Tuesday, July 28, 2009

Counting the Cost


I can relate to the Parable of the Unmerciful Servant. Like that servant, I’ve acknowledged my poverty to a holy King and willingly accepted His pardon, but too often my attitude says, Because God made me and loves me so much, He’d do anything to have me back. Redemption is a right I claim. (Sometimes it’s like I’ve done Him a favor and allowed Him to save me.)

I have not grasped what mankind initially owed nor how much was the ransom paid nor what it cost the King. I have so little concept of the debt He cancelled. So is it any wonder if I struggle to forgive my brother or sister?

How much did we owe, anyway? What kind of debt was cancelled?

• The earth – that place of beauty of which the Creator said “It is good” - was trashed. Sin entered. Decay spread. Death reigned.
• Man and Woman – who alone were made in God’s image – were disfigured and shamed and polluted, stripped of their original dignity and glory, and doomed to eternal separation from God.
• The heart of God was so anguished He was sorry He had ever made us.
• The Son of God, the Glorious One of heaven, stepped into the tragedy, disguised in human flesh, and endured our disbelief and abuse and rejection.
• He died under the immeasurable weight of every sin ever committed, as God laid His hand upon the Scapegoat of the human race, and sent Him into the wilderness of death alone, bearing our sin.

Bearing my sin. My debt – mine alone. For such a tremendous price would have been exacted even if I been the only one needing rescued. It would still have meant an earthly life and an ugly death and agonizing separation from the Father. So there’s no sense shifting any of it onto any other sinner in the world. I was enough to cause it all.

So can I forgive the one who has wronged me terribly and repeatedly? In the words of missionary Amy Carmichael, “Count the cost. But when you do, take your figures to the foot of the cross and tally them there.” I must go and sit at the foot of the cross as I ponder the question. I must let the blood of Christ trickle down over my calculations. Let just a tiny fraction of the weight of sin He bore press on my heart. Let the jeers sound faintly in my ear. If I dare, for a nanosecond, I can even try to imagine what it felt like to be utterly rejected by the Father. Then I can compare the cost of forgiving my brother…

To be honest, the foot of the cross gives the matter a whole new perspective. From that vantage point, I feel like looking around my world for somebody, anybody, to forgive, and forgive again and again and again in response to God’s payment of my debt. It would still require His supernatural grace, but He promises to give it.

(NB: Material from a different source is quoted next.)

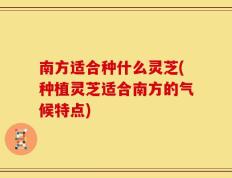 南方适合种什么灵芝(种植灵芝适合南方的气候特点)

What better way to show my grasp of His grace and my gratitude for His mercy than to assure my fellow man, “Your debt to me? Paid in full.”

Tuesday, July 21, 2009

The Time for Faith


“When the Son of Man comes, will he find faith on the earth?”

Faith pleases God (Heb. 11:6). But here’s what I’m (slowly) learning. Faith is only needed – and only possible – when I can’t see the outcome. Once I have the answer to my question or the solution to my dilemma or the blessing I was asking for, I have the “cash in hand.” The time for faith has passed.

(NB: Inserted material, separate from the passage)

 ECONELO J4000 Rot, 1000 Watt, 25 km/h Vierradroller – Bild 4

So in every uncertainty there’s a window of opportunity, a time frame in which we have the opportunity to please God by showing faith. Poet Fay Inchfawn, writing about how the spirit of Jacob revived when he saw his sons returning from Egypt with wagons laden with provision, put it this way:

…Oh, man who walked by sight.
You should have known the darkest hour of night
Is just before the earliest streak of gray.
Your wagons, all the time, were on their way!...


And she turns the lesson on us…

Oh, sorrowful soul! Trust just a little longer.
Who knows, but o’er your bare, brown hill
The wagons may be coming nearer still?
Give faith a chance. For soon, how soon it may
Give place to sight; and then never again
Will you have opportunity to show
That you can trust, albeit you cannot know.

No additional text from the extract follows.